How do you test DBI programs:

Without having to modify your current program code or environment settings?
Without having to set up multiple test databases?
Without separating your test data from your test code?
With tests for every bizarre value your program will ever have to face?
With complete control over all database return values, along with all DBI method return values?
With an easy, regex-based rules interface?

You test with Test::MockDBI, that’s how. Test::MockDBI provides all of this by using Test::MockObject::Extends to mock up the entire DBI API. Without a solution like Test::MockDBI–a solution that enables direct manipulation of the DBI–you’ll have to trace DBI methods through a series of test databases.

You can make test databases work, but:

You’ll need multiple (perhaps many) databases when you need multiple sets of mutually inconsistent values for complete test coverage.
Some DBI failure modes are impossible to generate through any test database.
Depending on the database toolset available, it may be difficult to insert all necessary test values–for example, Unicode values in ASCII applications, or bizarre file types in a document-manager application.
Test databases, by definition, are separate from their corresponding test code. This increases the chance that the test code and the test data will fall out of sync with each other.

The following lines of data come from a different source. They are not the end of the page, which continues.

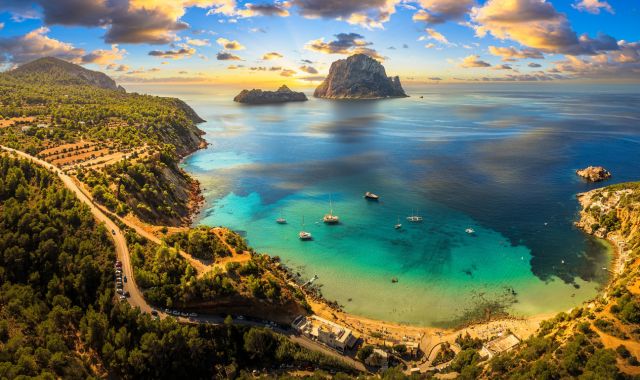 Aerial view of Cala d'Hort in Ibiza, Balearic Islands, Spain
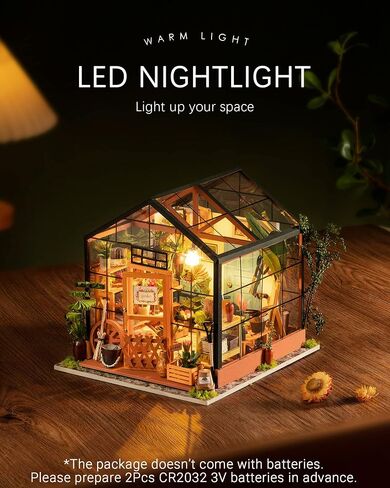 Rolife DIY Miniature Dollhouse Kit,Green House with Furniture and LED,Wooden Dollhouse Kit,Best Birthday and Valentine's Day Gift for Women and Girls in Saudi Arabia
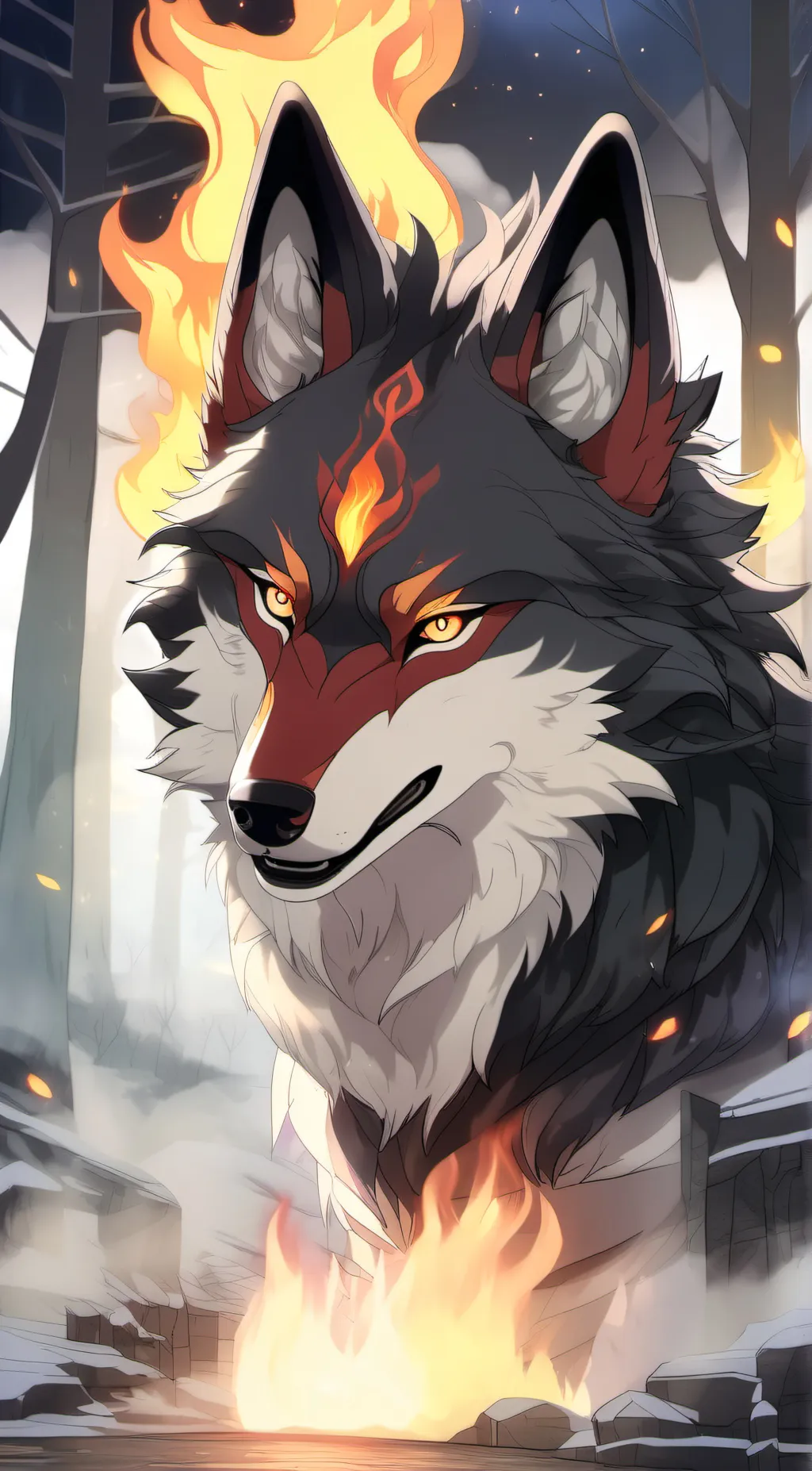 ai character: Flame background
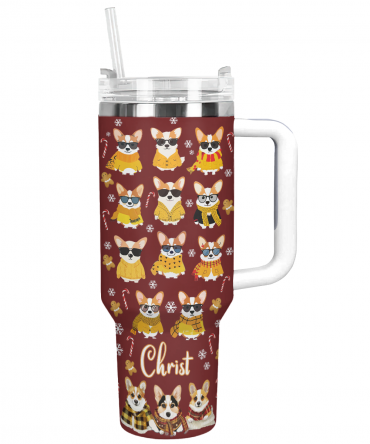Cozy Yellow Corgi Christmas Custom Stanley Quencher 40oz Stainless Steel Tumbler With Handle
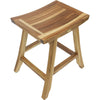 Compact Rectangular Teak Shower Outdoor Bench with Shelf in Natural Finish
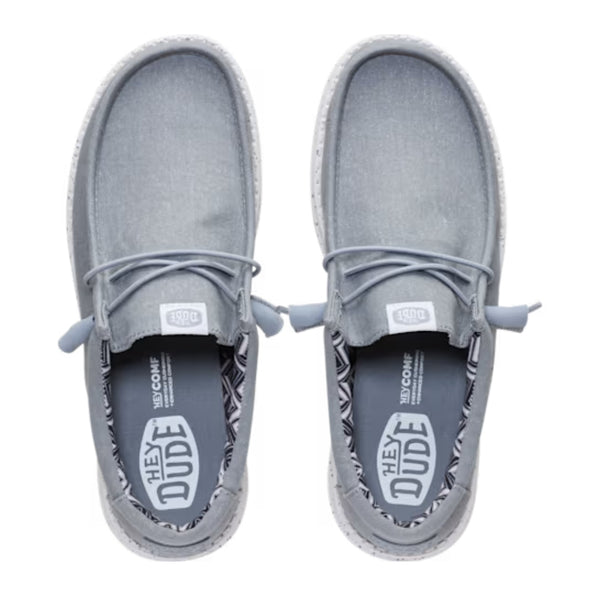 40700-007 Hey Dude Men's Wally Stretch Canvas Comfort Shoe - Light Grey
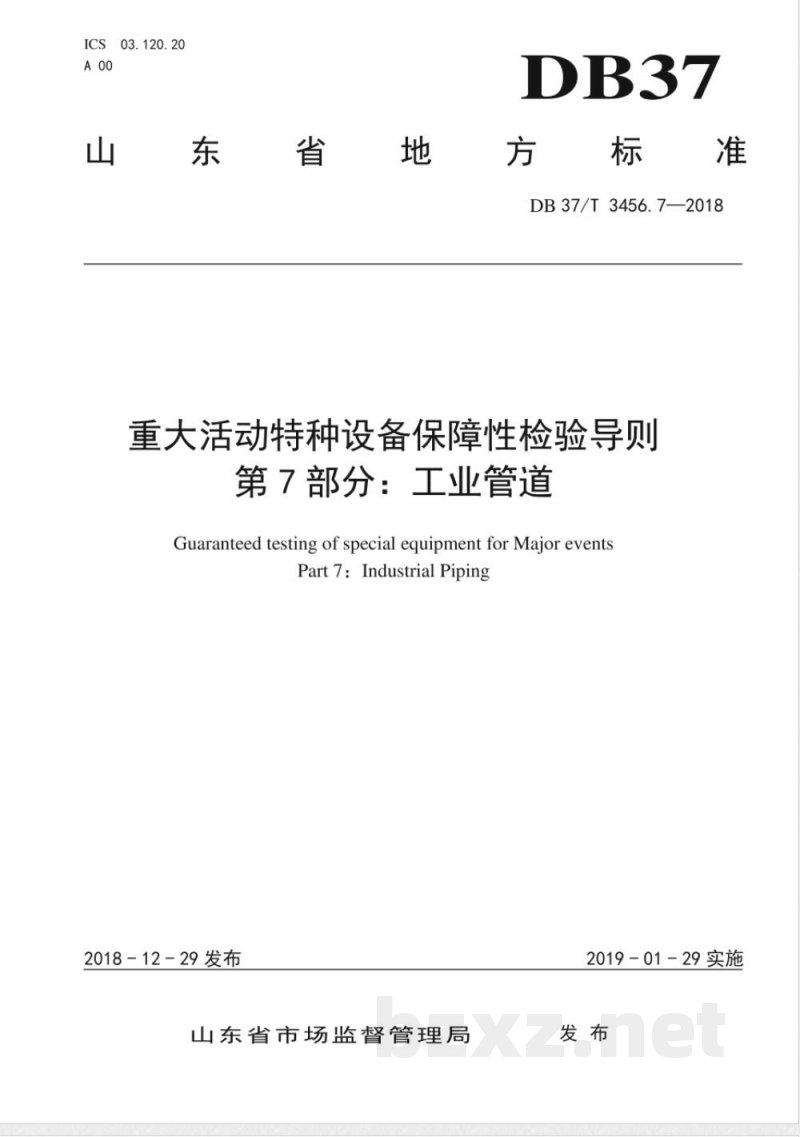 DB37/T 3456.7-2018重大活动特种设备保障性检验导则 第7部分：工业管道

Using Test::MockDBI avoids these problems. Read on to learn how Test::MockDBI eases the job of testing DBI applications.

A Mock Up of the Entire DBI

Test::MockDBI mocks up the entire DBI API by using Test::MockObject::Extends to substitute a Test::MockObject::Extends object in place of the DBI. A feature of this approach is that if the DBI API changes (and you use that change), you will notice during testing if you haven’t upgraded Test::MockDBI, as your program will complain about missing DBI API method(s).

Mocking up the entire DBI means that you can add the DBI testing code into an existing application without changing the initial application code–using Test::MockDBI is entirely transparent to the rest of your application, as it neither knows nor cares that it’s using Test::MockDBI in place of the DBI. This property of transparency is what drove me to develop Test::MockDBI, as it meant I could add the Test::MockDBI DBI testing code to existing client applications without modifying the existing code (handy, for us consultants).

Further enhancing Test::MockDBI’s transparency is the DBI testing type class value. Testing is only enabled when the DBI testing type is non-zero, so you can just leave the DBI testing code additions in your production code–users will not even know about your DBI testing code unless you tell them.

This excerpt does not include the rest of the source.